借金をして死ぬと家出《続・気軽にSOS》144
2023年12月6日
【コラム・浅井和幸】日々、様々な相談に対応している浅井心理相談室。過去に下記のようなやり取りがあったとか、なかったとか。 「甥(おい)っ子が家出をして、どうしてよいかわからない」と、叔母に当たる女性から相談がありました。親子の不仲が原因の一つであるのは間違いないのですが、甥っ子は借金をしていました。無職の甥っ子は母親(来談者の姉)にそれをとがめられ、死んでやると家出をして、1週間ほど行方不明になっていました。 LINEをしても、電話をしても、応答がありません。うろたえている姉を見かねて、その方は相談に訪れたそうです。もう諦めたほうがよいのでしょうかという来談者に、とりあえず下記のことをしてみるように伝えました。 ▽今までの半分のペースで、LINEを送る。内容は、何かをアドバイスするのではなく、心配しているとか、あいさつ程度の短い内容のものにする。 ▽LINEで、浅井という人に相談していることを伝える。電話番号も一緒に。心配しているよと。 「アルバイトで返せる額じゃないかな」 次の日の昼、来談者の甥っ子から私に電話がかかってきました。 浅井「はい、浅井です」 甥っ子「〇〇です。

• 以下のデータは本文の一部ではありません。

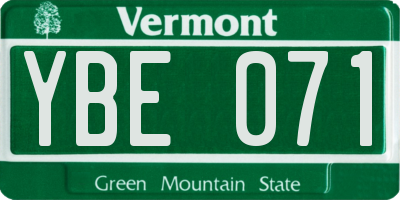 VT license plate YBE071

叔母から聞いて電話をかけています」 浅井「ずいぶん、つらそうだね。力も出ない様子だけど、ちゃんと食べている? 心配だな」 甥っ子「一昨日ぐらいから何も食べていません。もう死にたいです。死ぬしかないんです」 浅井「どうして?」 甥っ子「借金をして、仕事もしていないし、返せないし…。このままだと、親にも迷惑をかけてしまうから」 浅井「そうなんだ。それはつらいね。ところで、君みたいに若い男の子が死ななければいけないほどの借金って、何億円ぐらい借りたの? というか、よくそんなに借りることができたね」 甥っ子「いえ、そんなには大きい額では…」 浅井「そっか。じゃ、何千万円ぐらい借りたの?」 甥っ子「いえ、そんなには…」 浅井「そうかぁ。細かくはいいから、だいたい、どれぐらいの借金があるの?」 甥っ子「〇〇〇万円です」 浅井「それは大変だね。でも、そのぐらいの額だったら、ちょっと良い大きめのバイクか、軽自動車の新車が買えるぐらいだね。君ぐらい若い男の子ならば、その辺のアルバイトをして返せる額じゃないかな」 甥っ子「そんな感じですか? でも、何もかも嫌になって」 「今日1日は生き、また電話して」 この間に色々と話をして、本人の様子や、どんな場所にいるのか、雰囲気で予想していました。 浅井「でも周りが敵ばかりに感じて、つらいよね。もうどうなってもよいって感じるんだね」 甥っ子「はい」 浅井「遠くにいるということだけど、場所さえ教えてくれれば、迎えに行くか、何か方法を考えるよ。でも、すぐにとも、無理にとも言わない。その代わり、今日1日は生きてみて。夏だけど、ちょっと外は寒いかな。けど頑張って考えてみて。それでよかったら、明日、また、電話してよ」 甥っ子「わかりました。もういいです」 後日、私が電話をした次の日に帰ってきたと、母親から電話がありました。その後、来談者からも、お礼の電話とおいしいクッキーが届いたとか、届かないとか。いや~、いただきものはうまい。(精神保健福祉士)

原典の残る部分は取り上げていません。